The Wall Street Journal

Middle Eastern County’s Move Follows Malaysia’s Clampdown, Reflecting Growing Adherence to U.S. Treasury’s Blacklist

By CHIP CUMMINS in Dubai and JAY SOLOMON in Washington

DUBAI—Banks in the United Arab Emirates have curtailed financial dealings with a handful of Iranian banks blacklisted by the U.S. Treasury, officials here said, drying up one of Iran’s financial lifelines amid tightening international sanctions aimed at curbing Tehran’s nuclear ambitions.

Washington has pushed many of Iran’s Persian Gulf neighbors to close off financial access to Tehran’s banks. The U.A.E.’s move is especially significant since Dubai has in recent years been an important re-export hub for Iranian importers, prohibited by previous sanctions from importing goods directly from the U.S. and elsewhere.

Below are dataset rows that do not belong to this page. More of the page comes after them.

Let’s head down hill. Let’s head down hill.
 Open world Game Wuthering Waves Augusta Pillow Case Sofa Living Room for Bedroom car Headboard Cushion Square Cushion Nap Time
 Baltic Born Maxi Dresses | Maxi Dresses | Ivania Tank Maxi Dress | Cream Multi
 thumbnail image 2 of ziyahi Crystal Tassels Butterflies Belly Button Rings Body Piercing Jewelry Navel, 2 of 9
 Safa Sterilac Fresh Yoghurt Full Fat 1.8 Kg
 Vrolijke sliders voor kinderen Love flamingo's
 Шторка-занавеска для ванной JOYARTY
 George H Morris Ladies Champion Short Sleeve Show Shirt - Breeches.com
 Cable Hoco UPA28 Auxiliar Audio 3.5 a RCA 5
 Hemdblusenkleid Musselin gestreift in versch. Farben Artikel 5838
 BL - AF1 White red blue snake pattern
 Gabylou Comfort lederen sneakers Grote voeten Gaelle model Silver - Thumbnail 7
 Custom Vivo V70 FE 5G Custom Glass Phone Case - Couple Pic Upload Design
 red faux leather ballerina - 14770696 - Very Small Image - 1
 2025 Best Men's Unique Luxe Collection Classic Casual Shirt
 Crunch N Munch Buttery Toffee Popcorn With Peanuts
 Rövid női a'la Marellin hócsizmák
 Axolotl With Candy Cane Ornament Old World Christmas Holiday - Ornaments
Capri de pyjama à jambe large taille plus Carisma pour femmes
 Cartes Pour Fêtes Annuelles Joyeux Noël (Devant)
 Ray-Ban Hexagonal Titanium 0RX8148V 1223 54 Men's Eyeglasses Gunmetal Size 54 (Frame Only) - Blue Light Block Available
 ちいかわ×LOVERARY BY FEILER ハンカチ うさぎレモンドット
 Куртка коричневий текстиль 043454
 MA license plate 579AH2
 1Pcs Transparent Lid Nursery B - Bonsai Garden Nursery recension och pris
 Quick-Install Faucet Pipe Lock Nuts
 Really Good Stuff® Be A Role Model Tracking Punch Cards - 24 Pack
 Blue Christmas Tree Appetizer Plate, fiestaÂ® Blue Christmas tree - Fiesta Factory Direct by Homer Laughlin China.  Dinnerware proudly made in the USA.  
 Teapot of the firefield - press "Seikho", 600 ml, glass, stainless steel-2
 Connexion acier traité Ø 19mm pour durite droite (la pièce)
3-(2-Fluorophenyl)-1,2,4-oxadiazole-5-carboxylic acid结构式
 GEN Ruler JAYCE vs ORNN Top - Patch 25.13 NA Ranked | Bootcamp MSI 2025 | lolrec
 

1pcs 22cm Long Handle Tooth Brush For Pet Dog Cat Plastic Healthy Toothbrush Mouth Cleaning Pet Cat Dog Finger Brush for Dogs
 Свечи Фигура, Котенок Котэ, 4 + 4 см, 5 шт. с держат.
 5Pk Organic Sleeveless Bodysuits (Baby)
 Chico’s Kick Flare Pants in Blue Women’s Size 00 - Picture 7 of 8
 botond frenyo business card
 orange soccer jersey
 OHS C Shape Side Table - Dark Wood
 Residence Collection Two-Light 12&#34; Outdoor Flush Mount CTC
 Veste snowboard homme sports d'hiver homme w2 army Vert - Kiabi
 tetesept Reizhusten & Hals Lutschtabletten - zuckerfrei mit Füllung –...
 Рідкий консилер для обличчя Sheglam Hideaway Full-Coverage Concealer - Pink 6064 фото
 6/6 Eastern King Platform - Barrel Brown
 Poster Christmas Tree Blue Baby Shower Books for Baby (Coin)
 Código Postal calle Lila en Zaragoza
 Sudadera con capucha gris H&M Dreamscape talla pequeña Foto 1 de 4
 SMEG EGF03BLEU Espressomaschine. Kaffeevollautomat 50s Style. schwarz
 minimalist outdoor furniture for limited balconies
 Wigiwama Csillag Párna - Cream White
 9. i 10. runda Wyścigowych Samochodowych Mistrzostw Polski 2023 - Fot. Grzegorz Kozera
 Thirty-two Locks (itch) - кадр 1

Stuart Levey, the U.S. Treasury’s point man on sanctions, traveled in late August to the U.A.E., Bahrain and Lebanon to meet with officials and explain Washington’s new financial-sanctions law.

Mr. Levey said he found a “new seriousness” among Middle East banking institutions in cooperating with the international banking sector over Iran sanctions. “I have found a real and intense interest, especially [among] financial institutions” in the region, he said in a telephone interview during the trip.

Malaysia also recently suspended the local unit of Iran’s second-largest bank, Bank Mellat, which the U.S. and the United Nations said was involved in facilitating “millions of dollars” in transactions aimed at advancing Iran’s nuclear program. Kuala Lumpur followed Japan and South Korea in suspending or closing Bank Mellat operations.

Bank Mellat officials have denied engaging in illicit business and have told Iranian state-owned media that the U.S. has never provided any evidence to back its claims. Earlier this year, the bank’s chairman, Ali Divandari, said Mellat’s foreign-exchange reserves had doubled from a year earlier, despite the American sanctions.

The moves make the U.A.E. and Malaysia the latest in a growing list of countries that have started enforcing financial penalties against Iran in accordance with or beyond those mandated by the U.N. Security Council in June. The U.S. has blacklisted 17 Iranian banks for alleged involvement in supporting Iran’s nuclear program and international terrorist activities. Iranian officials say the sanctions are unjustified, but that they won’t hurt Iran’s economy, in any case. U.S. officials have pushed other governments to join in shunning them.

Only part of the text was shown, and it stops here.